Censorship in Bangladesh

Quotes about censorship in Bangladesh.

Quotes edit

  • Many of my books are banned in Bangladesh. My book was banned in West Bengal too. Its government not only banned my book, it forced me to leave the state too. The new government ban­ned the release of my book Nir­basan in 2012 and a few months ago forced a TV channel called Akash Ath to stop telecast of a mega serial I wrote. The serial was about women’s struggle and how three sisters living in Calcutta fight aga­inst patriarchal oppression to live their lives with dignity and honour. She (Mamata Banerjee) ban­ned me to app­ease some misogynist mullahs.
    • Taslima Nasrin, quoted in Outlook India, [1]
  • With its extreme dependence on foreign aid, Bangladesh is understandably concerned about not offending Western sensibilities too much., Its government did not insist on implementing the prison sentence pronounced by a court against feminist author Taslima Nasrin for her 1994 book Shame, much less the death sentence pronounced by individual Muftis.

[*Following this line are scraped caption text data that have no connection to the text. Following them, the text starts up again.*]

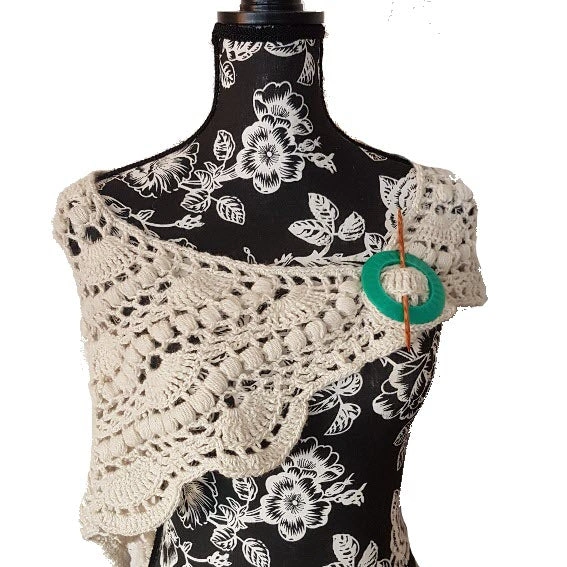 Cozy Alpaca Bobble Shawl – Wrap Yourself in Luxury & Warmth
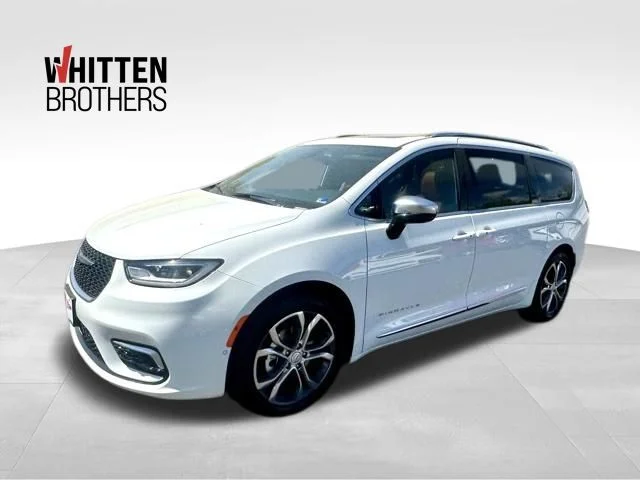 2026 Chrysler Pacifica Pinnacle's photo
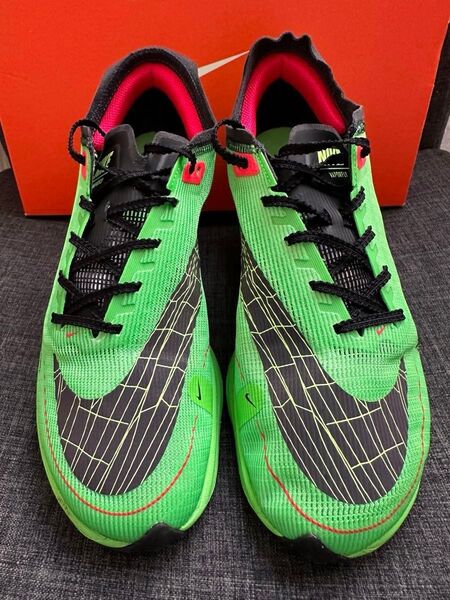 ☆特上美品☆ナイキ(NIKE)ズームXヴェイパーフライネクスト2%/EKIDEN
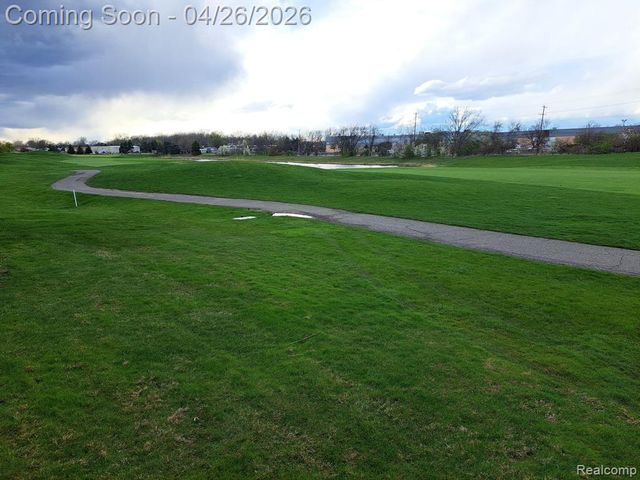 32526 Gateway Drive, Romulus, MI 48174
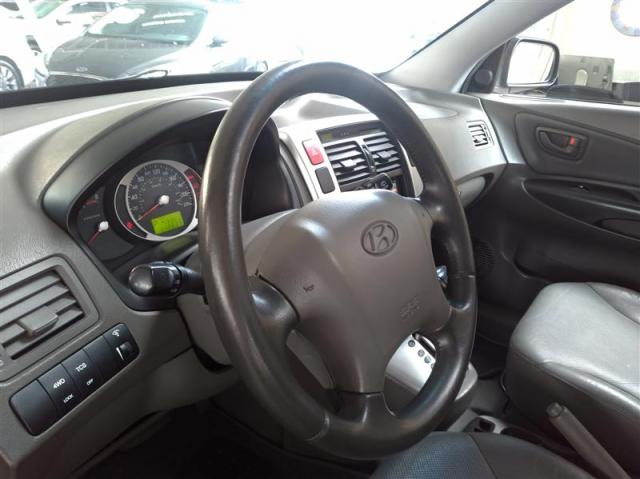 HYUNDAI TUCSON 2.7 MPFI GLS 24V 175CV 4WD GASOLINA 4P AUTOMÁTICO - Foto 3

Instead it preferred to send her into exile and be rid of the whole controversy. Her latest book, Wild Wind, is the object of yet another ban by the Islamist-leaning government of Khaleda Zia, the reason given being that it “destroys the socio-political amity of the country” and “contains anti-Islamic statements.”
    • Koenraad Elst: Afterword: The Rushdie Affair's Legacy, in Pipes, D., & Elst, K. (2004). The Rushdie affair: The novel, the Ayatollah, and the West. New Brunswick [u.a.: Transaction Publ.